Short web captions:
▬▬▬▬▬▬▬▬▬▬

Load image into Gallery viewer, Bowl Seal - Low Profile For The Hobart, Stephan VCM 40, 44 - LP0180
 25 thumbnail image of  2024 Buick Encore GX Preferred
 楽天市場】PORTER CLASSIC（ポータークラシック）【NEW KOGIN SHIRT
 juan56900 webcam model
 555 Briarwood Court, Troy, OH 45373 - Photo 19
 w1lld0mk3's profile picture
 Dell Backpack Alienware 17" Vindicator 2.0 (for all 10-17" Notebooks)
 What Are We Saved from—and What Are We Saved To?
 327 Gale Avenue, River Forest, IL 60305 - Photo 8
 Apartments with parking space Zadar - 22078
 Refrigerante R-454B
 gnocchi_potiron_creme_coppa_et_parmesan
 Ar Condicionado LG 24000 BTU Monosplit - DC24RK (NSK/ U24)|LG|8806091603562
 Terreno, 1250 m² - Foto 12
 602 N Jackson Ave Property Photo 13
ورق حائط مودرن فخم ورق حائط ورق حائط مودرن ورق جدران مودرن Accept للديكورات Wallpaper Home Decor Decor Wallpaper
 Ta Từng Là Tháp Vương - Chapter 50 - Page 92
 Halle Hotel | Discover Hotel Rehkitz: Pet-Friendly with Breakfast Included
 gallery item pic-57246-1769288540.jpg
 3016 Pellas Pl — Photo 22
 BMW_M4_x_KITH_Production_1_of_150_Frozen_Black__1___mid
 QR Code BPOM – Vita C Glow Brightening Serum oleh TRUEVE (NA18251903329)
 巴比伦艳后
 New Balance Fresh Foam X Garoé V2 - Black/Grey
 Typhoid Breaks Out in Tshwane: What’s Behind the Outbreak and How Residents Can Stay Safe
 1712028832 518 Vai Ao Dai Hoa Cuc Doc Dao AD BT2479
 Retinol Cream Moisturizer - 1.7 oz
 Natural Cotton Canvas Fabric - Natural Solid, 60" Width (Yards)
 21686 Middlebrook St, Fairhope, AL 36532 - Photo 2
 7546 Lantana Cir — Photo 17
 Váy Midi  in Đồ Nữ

▬▬▬▬▬▬▬▬▬▬

§ ASSIGNMENT
Filter the entries above and copy only the lines that hold "image".

§ ANSWER FOR THE TASK
Load image into Gallery viewer, Bowl Seal - Low Profile For The Hobart, Stephan VCM 40, 44 - LP0180
 25 thumbnail image of  2024 Buick Encore GX Preferred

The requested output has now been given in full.